Dos escassos prefácios que Jorge de Sena assinou em livros de poetas seus contemporâneos, somente seu amigo Helder Macedo lhe mereceu mais de um. Primeiramente, Sena prefaciou-lhe a coletânea Poesia 1957-1968, vinda à luz em 1969, pela Moraes. Depois, quando a mesma editora preparava a edição ampliada da obra — Poesia 1957-1978 — a solicitação de “um Post-Scriptum que actualizasse e completasse aquele prefácio” seguiu para a California. Porém, a morte colheu Sena antes de ele poder concluir o texto iniciado. Abaixo transcrevem-se os dois, o completa e o inconcluso, precedidos da esclarecedora “Nota do Editor”. Ressalte-se nestas apresentações críticas de Sena a ratificação de juízos já emitidos em carta de 1964 (ver): “Você é dos poucos que consegue que uma frase passe de um verso para outro, e com sujeito e predicado, como nos velhos tempos da gramática, e sem desencadear um arraial de comparações absurdas ou de abstrações sem sentido.

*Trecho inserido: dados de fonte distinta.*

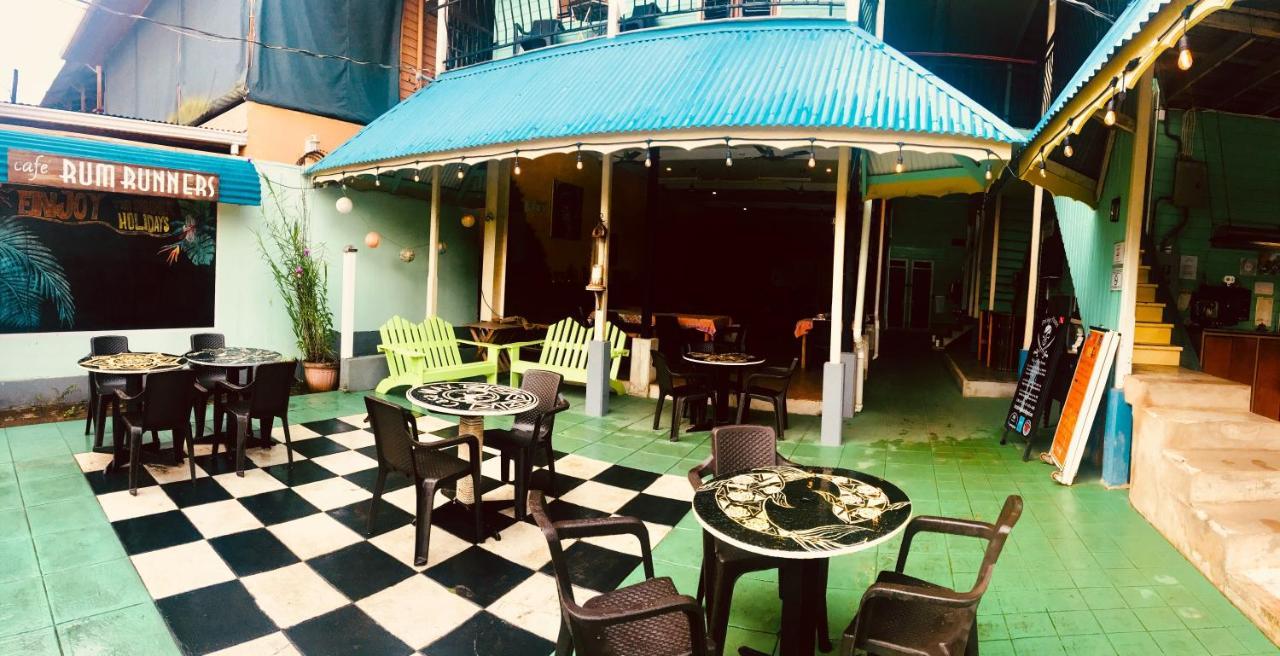 Hotel Casa Max Bocas Town Exterior foto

Depois, encontro ainda, nos seus poemas, uma segurança rítmica que também é importante, quando parece que, em Portugal e no Brasil, toda a gente tem vergonha de acertar pelo menos ritmicamente um verso, a menos que logo empunhe, para a quadrinha a viola. E uma certa displicência no uso dos temas e das ideias poéticas, certo humor interno, igualmente me agradaram muito.”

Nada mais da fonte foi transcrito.